Soft Indian flatbread stuffed with spiced potato and vegetables - a street food classic from Amritsar in northern India. Similar to naan, but stuffed. Can also be made plain.
Ingredients
Dough
- 5 dl wheat flour
- 1 tsp dry yeast
- 0.5 tsp sugar
- 0.5 tsp salt
- 2 tbsp plant yogurt
- 2 dl lukewarm water
Filling
- 200 g cooked potato, mashed
- 1 red onion, finely chopped
- 2-4 small green chilies, finely chopped (optional)

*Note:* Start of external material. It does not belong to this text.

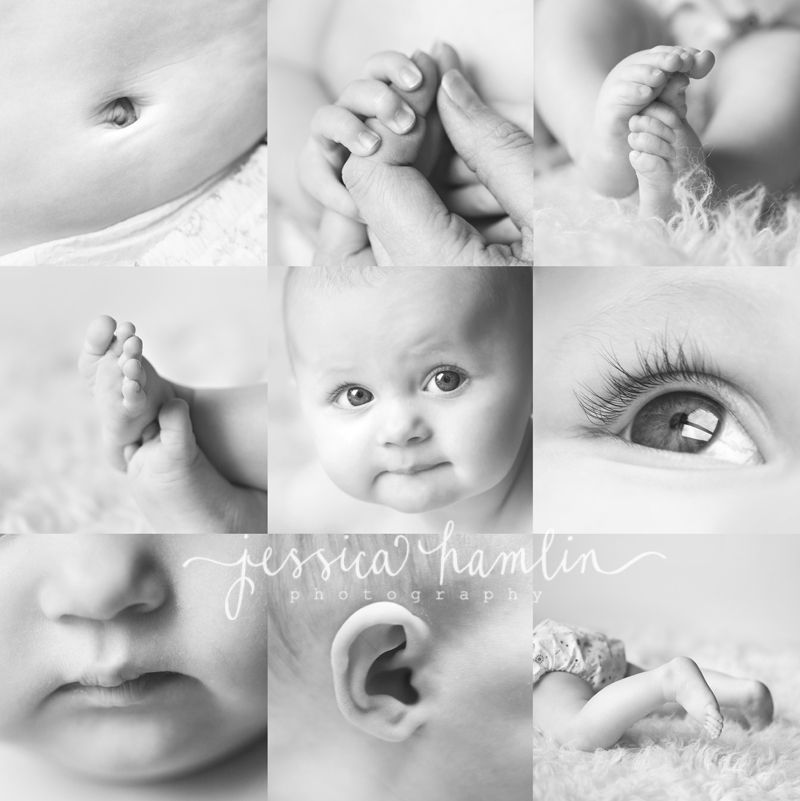 6 month baby photo shoot–direct link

- 0.5 dl grated cauliflower
- 0.5 dl green peas
- 0.5 dl finely chopped carrot
- 0.5 dl chopped fresh coriander
- 2 spring onions, thinly sliced
- 1 tsp whole or ground cumin
- 1 tsp garam masala
- 0.5 tsp chili powder
- 0.5 tsp ajwain (optional)
- salt
- black pepper
Instructions
Dough
Mix: Combine flour, yeast, sugar and salt in a bowl.
Knead: Add yogurt and water. Work into a dough and knead for about 5 minutes.
Rise: Cover the bowl and let rise for 1 hour.
Divide: Divide dough into 6 pieces and roll into balls.
Filling and assembly
Make filling: Mix all filling ingredients together.
Stuff: Flatten a dough ball. Take a handful of filling and press into a ball. Place in center of dough and pinch dough closed over the filling. Roll into a round ball.
Roll out: Dip ball in flour and roll out thinly.
Cook: Bake at 250°C (or 400°C in a pizza oven), or cook in a hot skillet until nicely colored on both sides.
Notes
Plain kulcha: Skip the filling for plain kulcha, similar to naan.
Aloo kulcha: The potato-only version (without the vegetables) is the classic street food variety.
Cooking options: Works in a regular oven, pizza oven, or stovetop. A cast iron skillet gives great results.